Monday, March 26, 2007

Asset forfeiture abuse

Jeff Doles was acquitted of selling "drug paraphernalia" through his head shop in Gillette, Wyoming, but that didn't deter authorities. Turned away by a jury, Campbell County prosecutor Bill Eichelberger found a cooperative judge who allowed him to seize Doles's inventory anyway, even in the absence of a conviction.

The key is civil asset forfeiture, a convenient, if bizarre, bit of legal legerdemain in which a legal action is brought against objects rather than people. Money and inventory can be found guilty of a crime and seized, even when criminal defendants win their cases -- and some people are never even charged with a crime.

Civil asset forfeiture hit the headlines briefly in the 1990s after some well-publicized abuses of the power. Some of the uses, such as the confiscation by federal officials of $9,000 from a landscaper named Willie Jones, seemed indistinguishable from muggings. As a results, a modest reform measure, the Civil Asset Forfeiture Reform Act of 2000 (CAFRA) was passed by Congress and signed into law by then-President Bill Clinton, somewhat reining-in asset-grabs on the federal level.
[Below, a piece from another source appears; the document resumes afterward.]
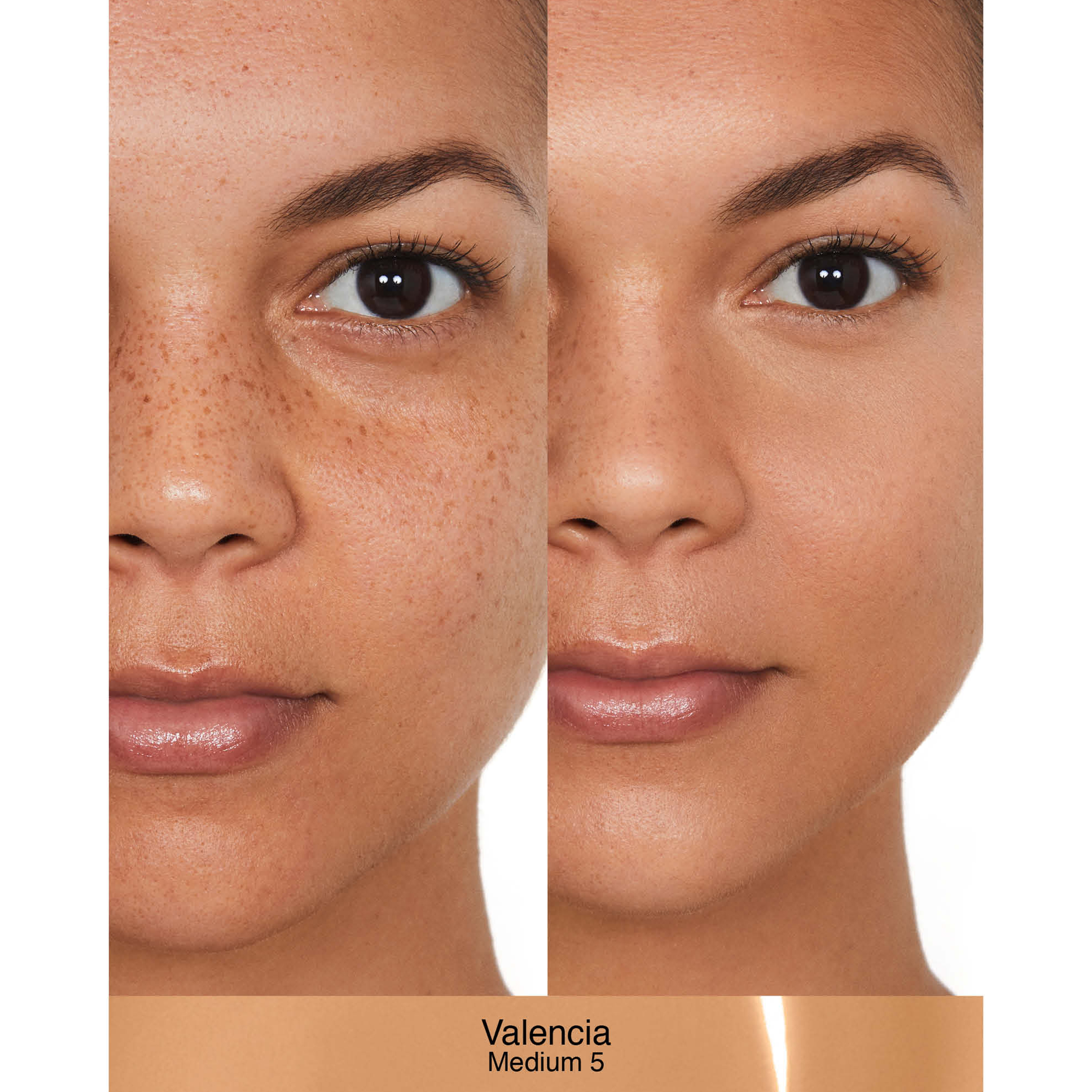 Sheer Glow Foundation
Forfeiture pretty much dropped off the public's radar after that.

But as Doles's case demonstrates, abusive uses of asset forfeiture didn't go away; the practice is alive and well across the country. Forfeiture Endangers American Rights, a national organization, keeps a close eye on the practice, and it has yet to run short of examples of government officials using the power of the law to bypass the requirements of a criminal trial.

The fate of Doles's inventory -- convicted in lieu of its owner -- will be decided by the Wyoming Supreme Court.